* Exercise
Only one stretch of the data below is needed. Output the lines from the one with "Подвесной светильник Cloyd" up to and including the one with "The Red String", exactly as they stand.

-------- Material for the task

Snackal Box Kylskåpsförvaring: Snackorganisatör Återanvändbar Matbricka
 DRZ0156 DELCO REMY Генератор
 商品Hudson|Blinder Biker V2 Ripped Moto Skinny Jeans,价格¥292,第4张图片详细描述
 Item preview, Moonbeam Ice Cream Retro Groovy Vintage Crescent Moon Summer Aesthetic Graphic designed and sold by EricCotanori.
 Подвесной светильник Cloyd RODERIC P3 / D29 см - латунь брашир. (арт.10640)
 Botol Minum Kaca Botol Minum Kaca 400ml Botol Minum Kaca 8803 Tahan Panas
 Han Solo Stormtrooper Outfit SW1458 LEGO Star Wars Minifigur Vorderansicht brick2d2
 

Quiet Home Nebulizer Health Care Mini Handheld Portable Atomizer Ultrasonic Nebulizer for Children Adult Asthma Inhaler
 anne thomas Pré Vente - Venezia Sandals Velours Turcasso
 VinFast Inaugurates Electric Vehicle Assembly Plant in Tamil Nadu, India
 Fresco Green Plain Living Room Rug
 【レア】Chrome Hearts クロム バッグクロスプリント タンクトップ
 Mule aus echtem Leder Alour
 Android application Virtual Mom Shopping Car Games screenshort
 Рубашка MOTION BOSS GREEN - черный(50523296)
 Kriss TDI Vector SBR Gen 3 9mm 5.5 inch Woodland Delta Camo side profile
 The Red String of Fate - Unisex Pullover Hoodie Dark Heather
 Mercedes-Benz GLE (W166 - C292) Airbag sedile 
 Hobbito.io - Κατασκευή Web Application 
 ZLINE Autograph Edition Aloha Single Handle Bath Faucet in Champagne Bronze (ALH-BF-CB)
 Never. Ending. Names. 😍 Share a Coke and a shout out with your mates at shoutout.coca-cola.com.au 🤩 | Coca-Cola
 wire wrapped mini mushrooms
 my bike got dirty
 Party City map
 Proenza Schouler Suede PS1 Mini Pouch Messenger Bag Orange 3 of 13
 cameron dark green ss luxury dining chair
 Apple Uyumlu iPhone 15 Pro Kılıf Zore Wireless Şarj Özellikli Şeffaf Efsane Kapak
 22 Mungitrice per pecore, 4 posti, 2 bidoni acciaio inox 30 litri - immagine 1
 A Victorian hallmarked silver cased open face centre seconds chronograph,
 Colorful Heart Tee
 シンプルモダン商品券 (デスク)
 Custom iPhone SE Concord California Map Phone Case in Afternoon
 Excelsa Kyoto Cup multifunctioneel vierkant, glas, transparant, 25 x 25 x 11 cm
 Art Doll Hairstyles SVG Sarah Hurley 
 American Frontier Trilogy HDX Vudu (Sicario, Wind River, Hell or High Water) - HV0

----------------

* Your solution
 Подвесной светильник Cloyd RODERIC P3 / D29 см - латунь брашир. (арт.10640)
 Botol Minum Kaca Botol Minum Kaca 400ml Botol Minum Kaca 8803 Tahan Panas
 Han Solo Stormtrooper Outfit SW1458 LEGO Star Wars Minifigur Vorderansicht brick2d2
 

Quiet Home Nebulizer Health Care Mini Handheld Portable Atomizer Ultrasonic Nebulizer for Children Adult Asthma Inhaler
 anne thomas Pré Vente - Venezia Sandals Velours Turcasso
 VinFast Inaugurates Electric Vehicle Assembly Plant in Tamil Nadu, India
 Fresco Green Plain Living Room Rug
 【レア】Chrome Hearts クロム バッグクロスプリント タンクトップ
 Mule aus echtem Leder Alour
 Android application Virtual Mom Shopping Car Games screenshort
 Рубашка MOTION BOSS GREEN - черный(50523296)
 Kriss TDI Vector SBR Gen 3 9mm 5.5 inch Woodland Delta Camo side profile
 The Red String of Fate - Unisex Pullover Hoodie Dark Heather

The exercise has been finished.